(PROVIDED MATERIAL Opens)

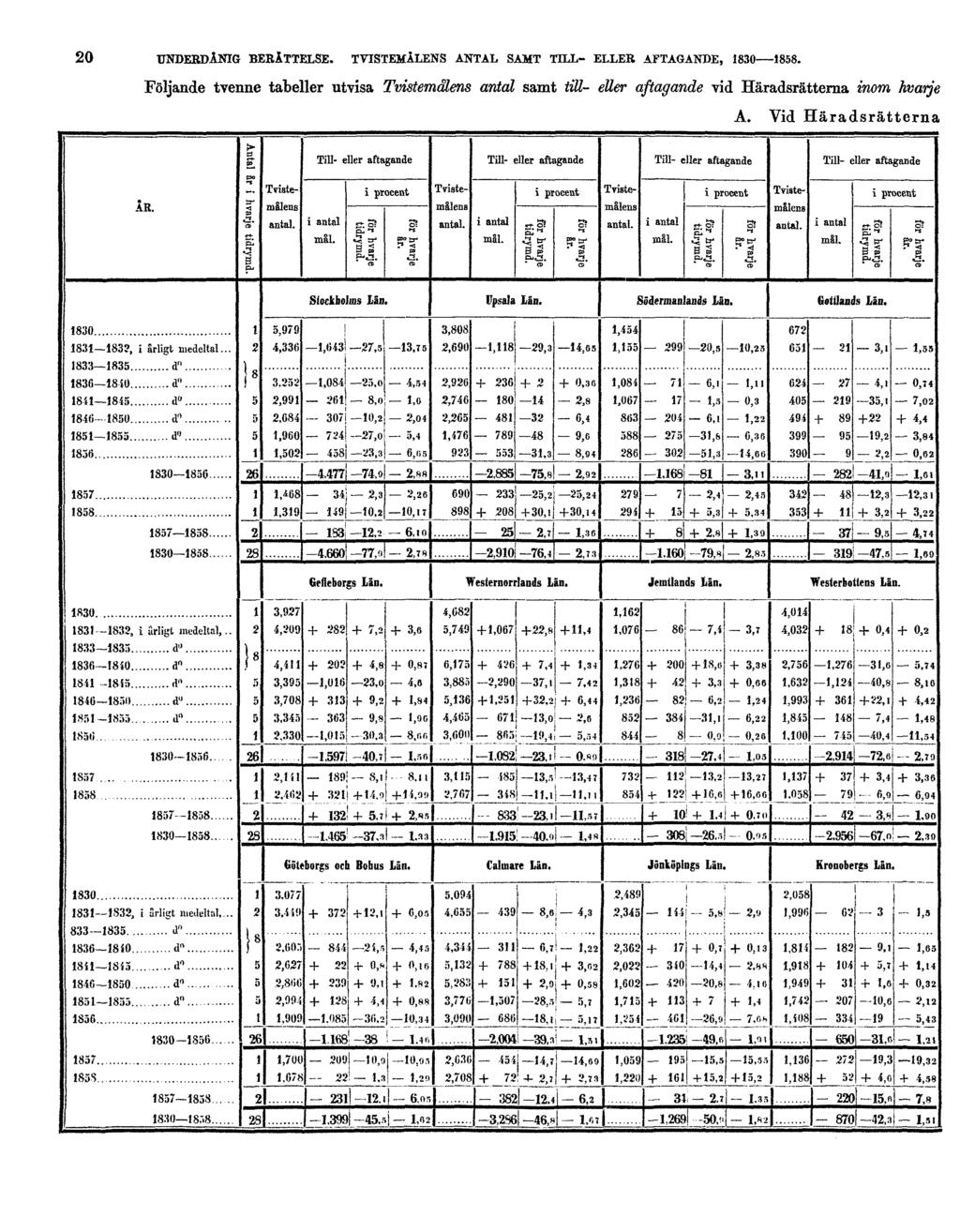 20 UNDERDÅNIG BERÄTTELSE. TVISTEMÅLENS ANTAL SAMT TILL- ELLER AFTAGANDE, 1830 1858.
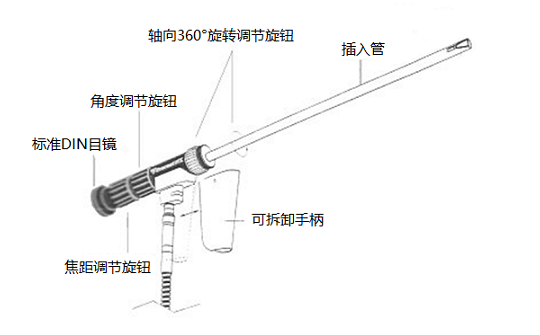 光學直桿內(nèi)窺鏡的結(jié)構(gòu)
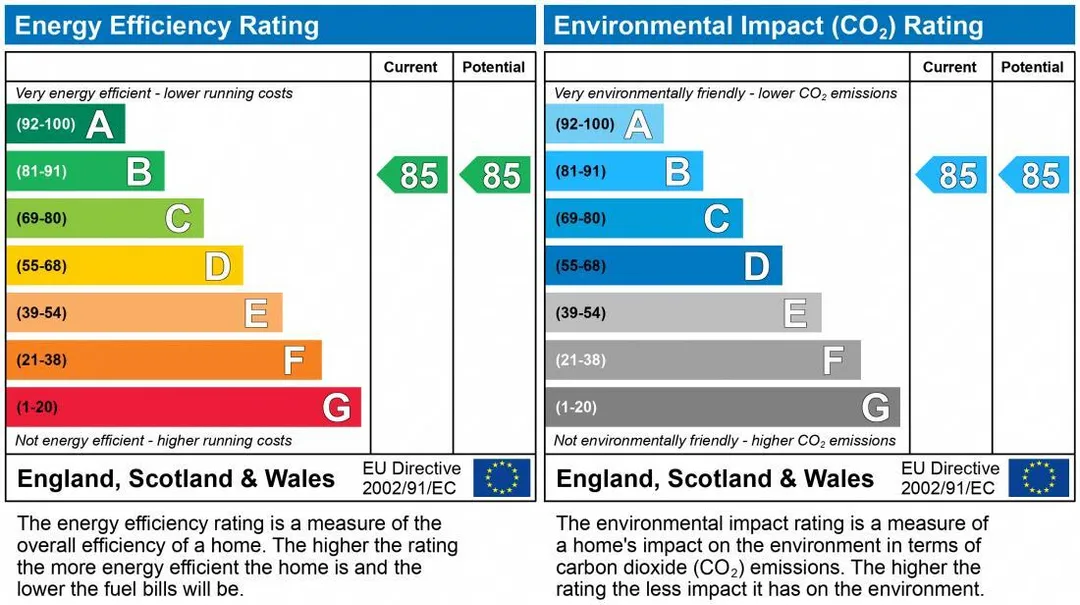 Property EPC Chart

(PROVIDED MATERIAL Closes)

:: PROBLEM STATEMENT ::
Retype the material in full, exactly as written, and exclude the pictures.

:: EXERCISE SOLUTION ::
 20 UNDERDÅNIG BERÄTTELSE. TVISTEMÅLENS ANTAL SAMT TILL- ELLER AFTAGANDE, 1830 1858.
 光學直桿內(nèi)窺鏡的結(jié)構(gòu)
 Property EPC Chart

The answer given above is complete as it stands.